Os candidatos que desejam obter a primeira Carteira Nacional de Habilitação (CNH) nas categorias A (moto), B (carro) e AB passaram a enfrentar uma nova etapa obrigatória no processo de habilitação. A mudança decorre da Lei Federal nº 15.153/2025, que alterou o Código de Trânsito Brasileiro e determinou a exigência do exame toxicológico para a emissão da Permissão para Dirigir (PPD).
A implementação ocorre de forma gradual pelos Departamentos Estaduais de Trânsito (Detrans). Em Minas Gerais, por exemplo, a exigência passou a valer para processos de primeira habilitação iniciados a partir de 20 de junho de 2026. O Tocantins também já adotou a medida anteriormente.
O custo do exame varia conforme o laboratório credenciado, podendo ficar entre R$ 110 e R$ 165, valor que deverá ser pago pelo candidato durante o processo de obtenção da CNH.
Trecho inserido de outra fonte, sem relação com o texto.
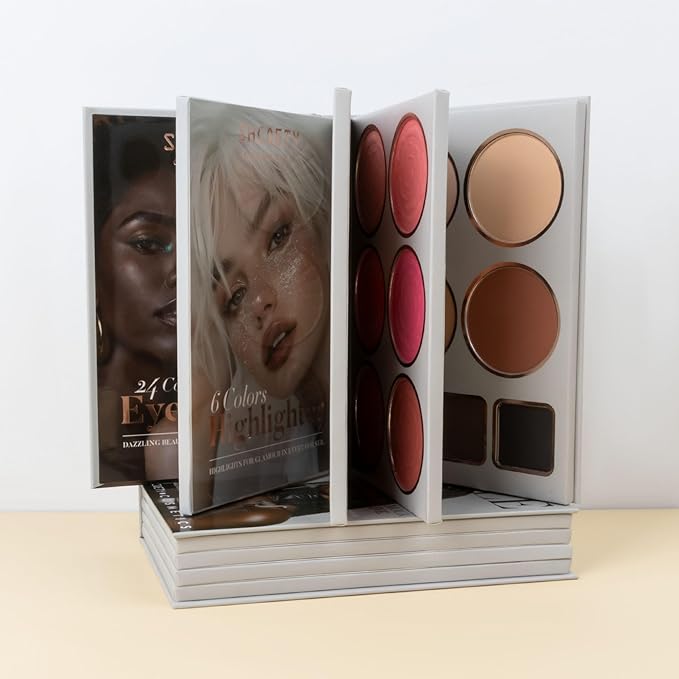 4-Layer Multi - Functional Beauty Book Kit- Style Makeup Palette Ingeniously Combines Eyeshadows, Blushes, Highlighters, Contour Powders In One,Best Choice for A Gift for Women (SH2511A)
Até então, o exame toxicológico era obrigatório apenas para motoristas das categorias C, D e E, destinadas principalmente ao transporte de cargas e passageiros. Com a nova legislação, o teste também passou a integrar o processo para quem pretende obter a primeira habilitação para motocicletas e automóveis.
Segundo a norma, o candidato deverá apresentar resultado negativo no exame para conseguir emitir a Permissão para Dirigir ou concluir um processo de reciclagem após cassação da carteira.
A medida tem como objetivo impedir que pessoas com histórico recente de consumo de determinadas substâncias psicoativas ingressem no Registro Nacional de Condutores Habilitados (Renach).

Como é realizado o exame
A coleta deve ser feita exclusivamente em laboratórios credenciados pela Secretaria Nacional de Trânsito (Senatran) ou em postos autorizados. O procedimento utiliza, preferencialmente, uma pequena mecha de cabelo. Caso o candidato não tenha comprimento suficiente, podem ser utilizados pelos do corpo e, em situações específicas, até mesmo unhas.
Após a coleta, o laboratório tem, normalmente, até 15 dias para inserir o resultado diretamente no sistema do Renach. O laudo possui validade de 90 dias.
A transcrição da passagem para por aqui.